● TASK OBJECTIVE
Repeat exactly the lines of the material below that run from the "será presidente en" line to the "I have hesitation" line, including both, and do not carry over any pictures.

● TASK DATA
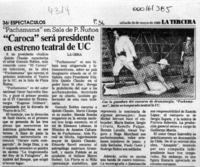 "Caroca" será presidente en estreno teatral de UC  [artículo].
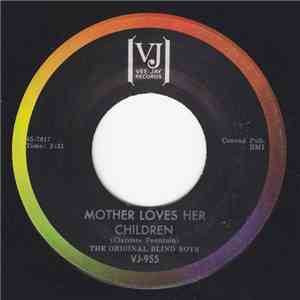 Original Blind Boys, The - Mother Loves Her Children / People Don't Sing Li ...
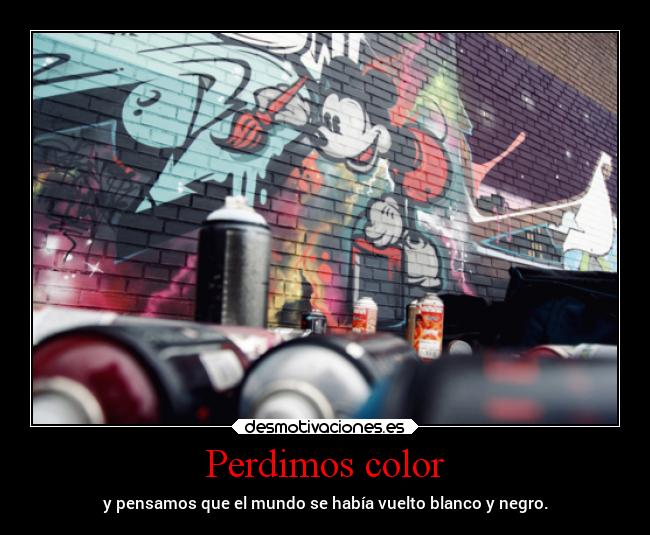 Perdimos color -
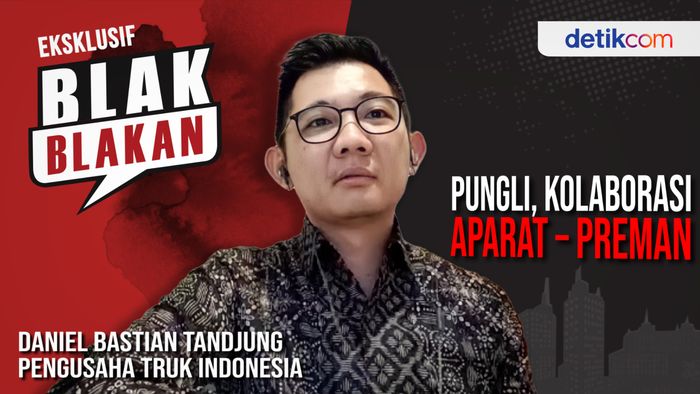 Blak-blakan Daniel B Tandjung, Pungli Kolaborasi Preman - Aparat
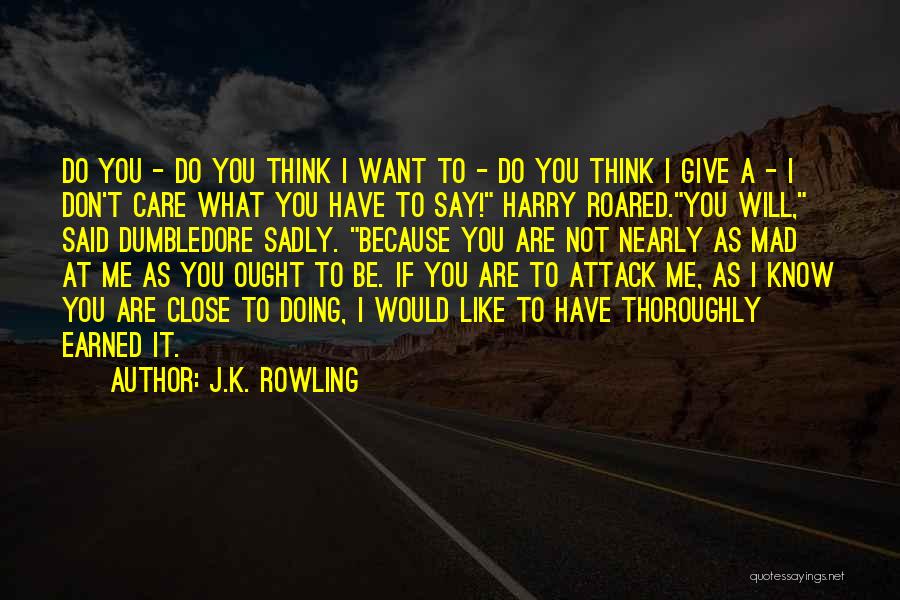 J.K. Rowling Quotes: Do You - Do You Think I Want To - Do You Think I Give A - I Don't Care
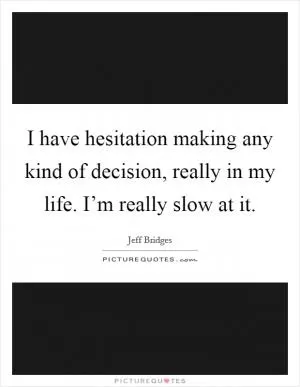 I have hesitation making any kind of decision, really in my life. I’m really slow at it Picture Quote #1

==

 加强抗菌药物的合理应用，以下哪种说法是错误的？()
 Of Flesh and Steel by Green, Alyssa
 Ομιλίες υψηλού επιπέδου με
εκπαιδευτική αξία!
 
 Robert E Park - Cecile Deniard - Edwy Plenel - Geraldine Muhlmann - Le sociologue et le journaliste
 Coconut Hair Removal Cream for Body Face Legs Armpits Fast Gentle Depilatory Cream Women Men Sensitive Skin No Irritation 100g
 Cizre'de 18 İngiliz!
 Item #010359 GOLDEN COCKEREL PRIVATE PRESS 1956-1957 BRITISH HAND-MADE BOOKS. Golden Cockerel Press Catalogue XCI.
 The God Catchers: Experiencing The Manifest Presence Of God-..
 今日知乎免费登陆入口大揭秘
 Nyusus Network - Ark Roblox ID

--

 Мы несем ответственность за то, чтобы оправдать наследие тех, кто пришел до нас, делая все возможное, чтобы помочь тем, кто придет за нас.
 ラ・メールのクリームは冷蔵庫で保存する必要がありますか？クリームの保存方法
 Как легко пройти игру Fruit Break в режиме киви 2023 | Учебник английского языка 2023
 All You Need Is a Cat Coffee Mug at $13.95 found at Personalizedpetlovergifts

● EXPECTED ANSWER
 "Caroca" será presidente en estreno teatral de UC  [artículo].
 Original Blind Boys, The - Mother Loves Her Children / People Don't Sing Li ...
 Perdimos color -
 Blak-blakan Daniel B Tandjung, Pungli Kolaborasi Preman - Aparat
 J.K. Rowling Quotes: Do You - Do You Think I Want To - Do You Think I Give A - I Don't Care
 I have hesitation making any kind of decision, really in my life. I’m really slow at it Picture Quote #1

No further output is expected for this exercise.